▸ **Task to carry out**
Copy, with no pictures, the line that contains "Turquoise Frayed Edge Mid Rise Denim Shorts" and each line after it down to the end of the entries below, exactly.

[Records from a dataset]
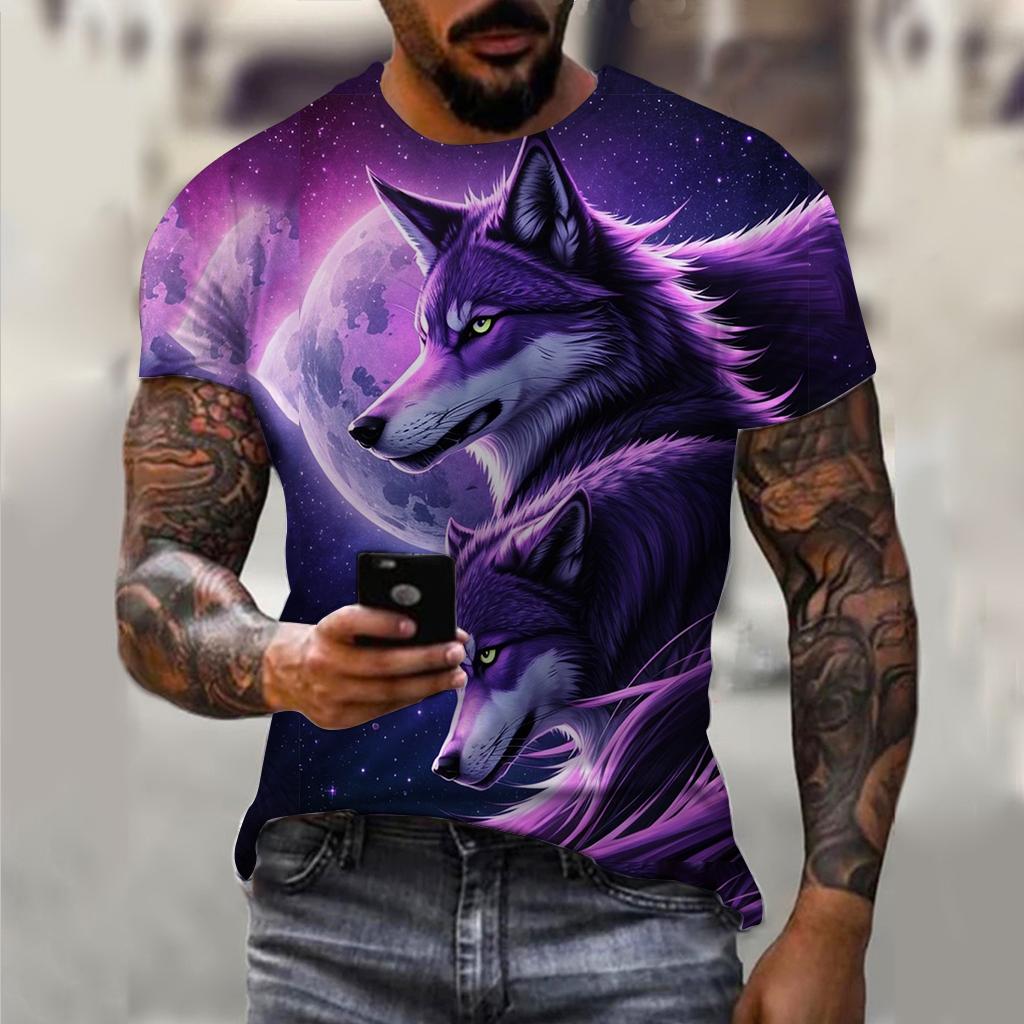 PLUS-size 3D Wolf Beast Print Men and Women Casual Short-sleeved T-shirt Round Neck Fashion Trend Cool Men's Daily New Clothing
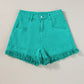 Turquoise Frayed Edge Mid Rise Denim Shorts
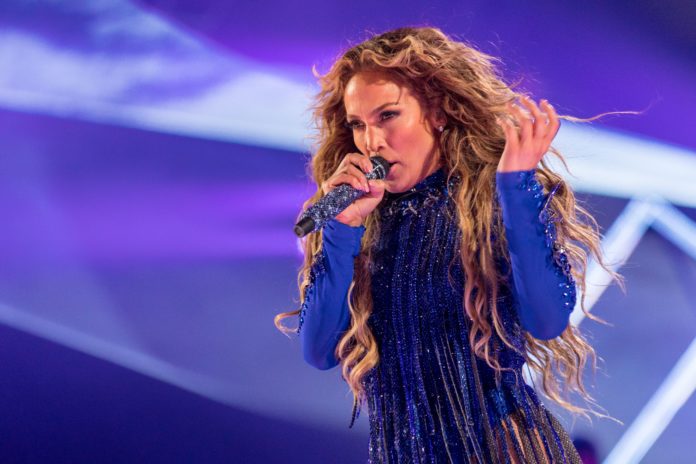 Jennifer Lopez at the Super Bowl Saturday concert, 2018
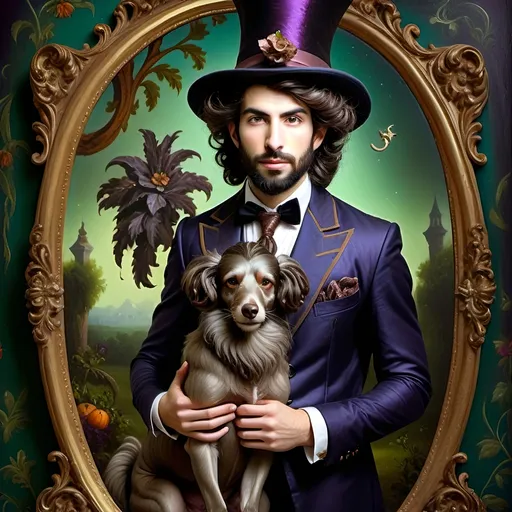 Prompt: (honoring Nuit), moon and stars) captivating handsome man magician, pointed witch hat, facial features highlighted, elegant beard, (renaissance baroque painting style), dark mystical background, rich deep colors with dramatic contrast, elements of Halloween celebration in still life arrangement, enigmatic ambiance, intricate shadows and light, (highly detailed), evoking intrigue and enchantment.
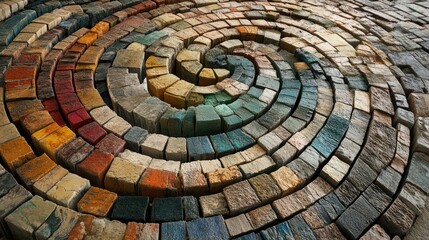 Fototapeta premium Close-Up Perspective of Colorful Brick Floor Design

▸ **Task output**
 Turquoise Frayed Edge Mid Rise Denim Shorts
 Jennifer Lopez at the Super Bowl Saturday concert, 2018
 Prompt: (honoring Nuit), moon and stars) captivating handsome man magician, pointed witch hat, facial features highlighted, elegant beard, (renaissance baroque painting style), dark mystical background, rich deep colors with dramatic contrast, elements of Halloween celebration in still life arrangement, enigmatic ambiance, intricate shadows and light, (highly detailed), evoking intrigue and enchantment.
 Fototapeta premium Close-Up Perspective of Colorful Brick Floor Design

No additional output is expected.